### Directions
Setting pictures aside, output exactly the lines from the start of the records to the line with "Two people shake", that line included.

[Provided material]

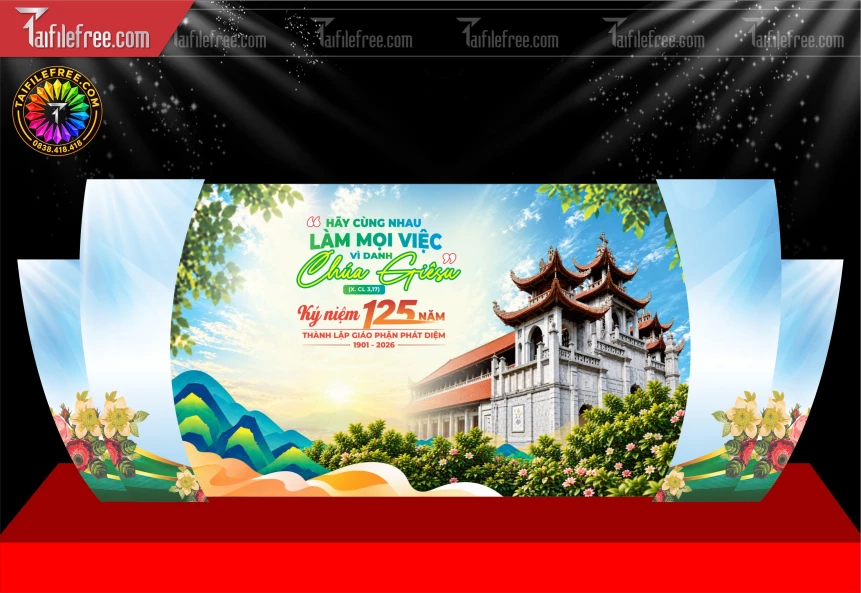 Mẫu Phông Nèn Năm Thánh Kỷ Niệm 125 Năm Thành Lập Giáo Phận Phát Diệm_BH1906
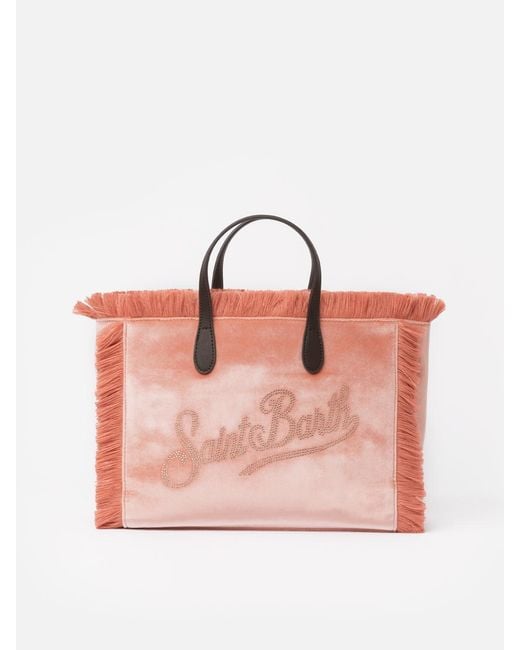 Mc2 Saint Barth Pink Velvet Colette Handbag With Rhinestones Logo Bag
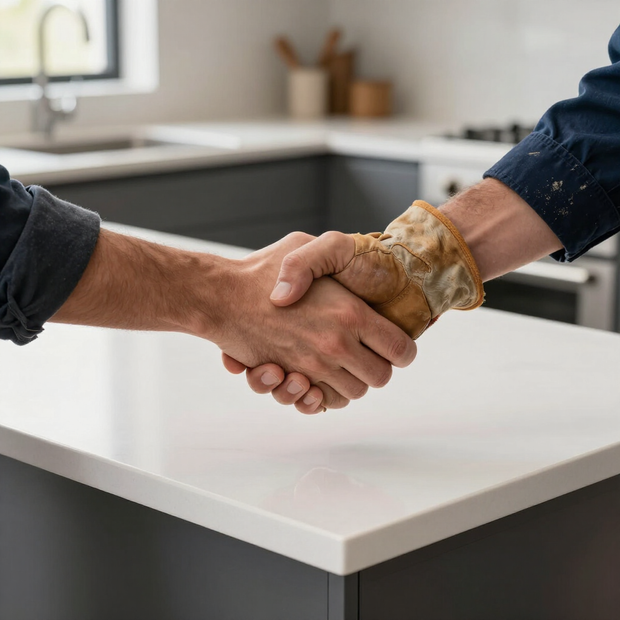 Two people shake hands over a kitchen counter in a bright, modern room.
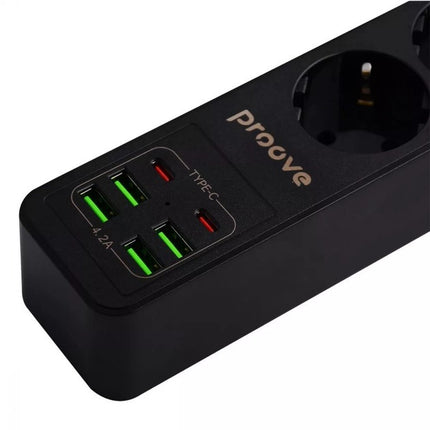 Power Strip Proove Power Socket P-03 (3 Outlets + 4 USB + 2 Type-C) 2M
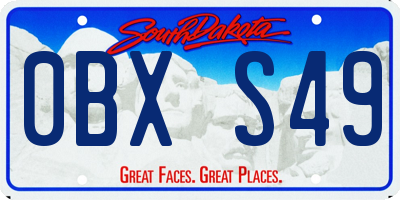 SD license plate 0BXS49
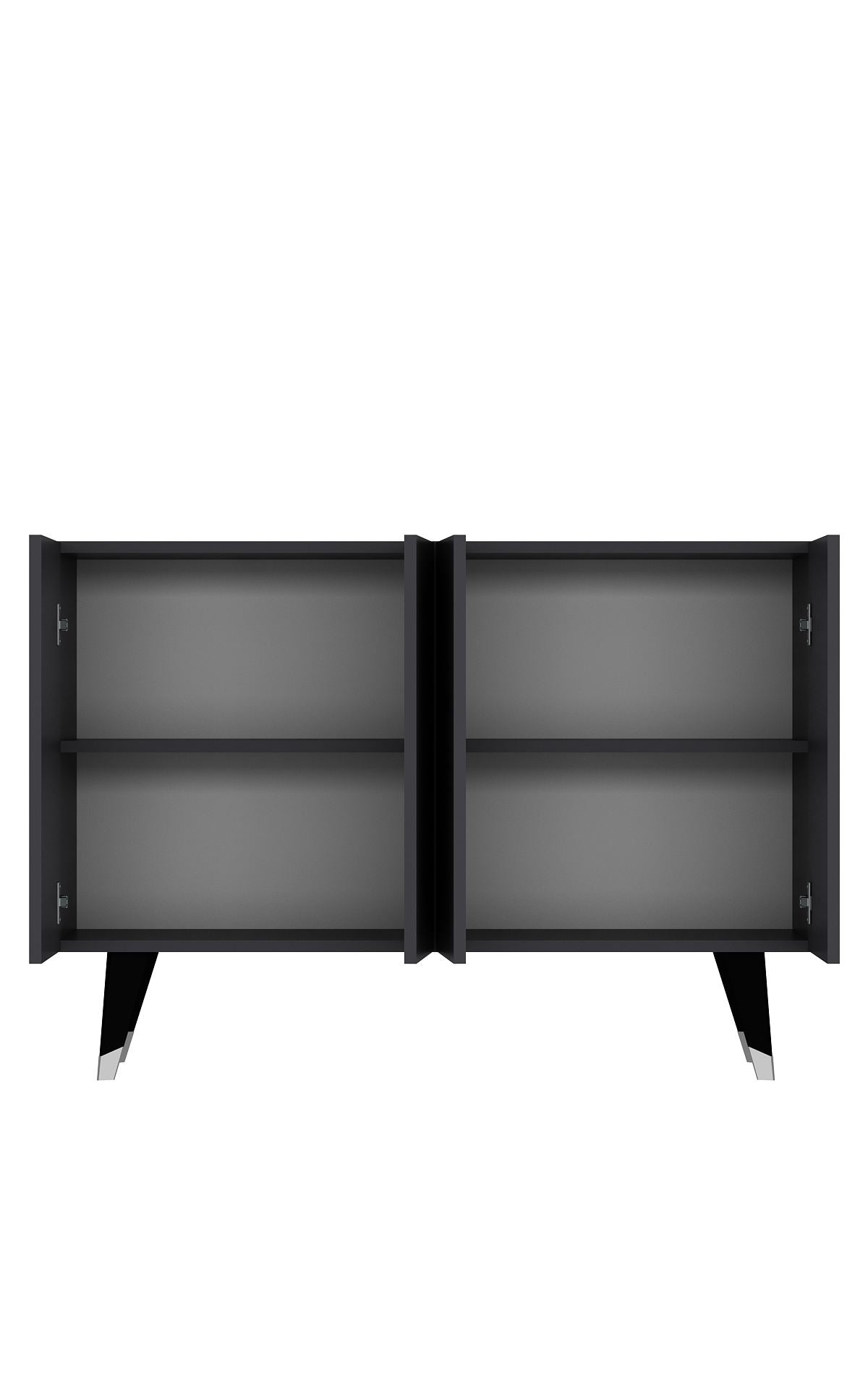 Aparador – 120 cm x 80 cm x 29,6 cm – Prata e Antracite – Painel de partículas revestido de melamina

[/Provided material]

### Solved problem
 Mẫu Phông Nèn Năm Thánh Kỷ Niệm 125 Năm Thành Lập Giáo Phận Phát Diệm_BH1906
 Mc2 Saint Barth Pink Velvet Colette Handbag With Rhinestones Logo Bag
 Two people shake hands over a kitchen counter in a bright, modern room.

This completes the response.